WHAT THE TASK REQUIRES: Find where "キャラコバッチ　ストリートファイターⅡ TURBO ツインシューターセット" occurs in the data below, and retype that line and every later line exactly.

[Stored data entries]
......

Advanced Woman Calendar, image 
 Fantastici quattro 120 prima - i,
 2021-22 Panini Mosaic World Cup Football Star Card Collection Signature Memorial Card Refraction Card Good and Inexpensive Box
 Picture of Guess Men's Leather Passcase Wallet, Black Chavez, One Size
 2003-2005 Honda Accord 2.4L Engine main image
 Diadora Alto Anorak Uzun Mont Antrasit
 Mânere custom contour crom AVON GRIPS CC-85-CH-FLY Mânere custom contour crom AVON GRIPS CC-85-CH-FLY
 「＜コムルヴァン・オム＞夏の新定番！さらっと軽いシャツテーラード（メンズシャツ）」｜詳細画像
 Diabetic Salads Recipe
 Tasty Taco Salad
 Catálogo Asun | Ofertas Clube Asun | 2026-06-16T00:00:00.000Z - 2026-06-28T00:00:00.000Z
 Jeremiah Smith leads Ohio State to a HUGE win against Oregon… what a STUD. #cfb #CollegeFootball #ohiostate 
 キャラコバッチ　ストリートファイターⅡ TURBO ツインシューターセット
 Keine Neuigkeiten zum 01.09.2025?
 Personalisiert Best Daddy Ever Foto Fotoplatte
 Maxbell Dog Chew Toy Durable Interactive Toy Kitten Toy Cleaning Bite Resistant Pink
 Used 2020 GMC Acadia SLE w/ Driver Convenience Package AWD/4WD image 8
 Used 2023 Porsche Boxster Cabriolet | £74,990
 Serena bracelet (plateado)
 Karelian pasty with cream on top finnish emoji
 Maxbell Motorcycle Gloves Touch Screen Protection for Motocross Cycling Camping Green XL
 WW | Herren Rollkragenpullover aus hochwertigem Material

......

YOUR RESPONSE:
 キャラコバッチ　ストリートファイターⅡ TURBO ツインシューターセット
 Keine Neuigkeiten zum 01.09.2025?
 Personalisiert Best Daddy Ever Foto Fotoplatte
 Maxbell Dog Chew Toy Durable Interactive Toy Kitten Toy Cleaning Bite Resistant Pink
 Used 2020 GMC Acadia SLE w/ Driver Convenience Package AWD/4WD image 8
 Used 2023 Porsche Boxster Cabriolet | £74,990
 Serena bracelet (plateado)
 Karelian pasty with cream on top finnish emoji
 Maxbell Motorcycle Gloves Touch Screen Protection for Motocross Cycling Camping Green XL
 WW | Herren Rollkragenpullover aus hochwertigem Material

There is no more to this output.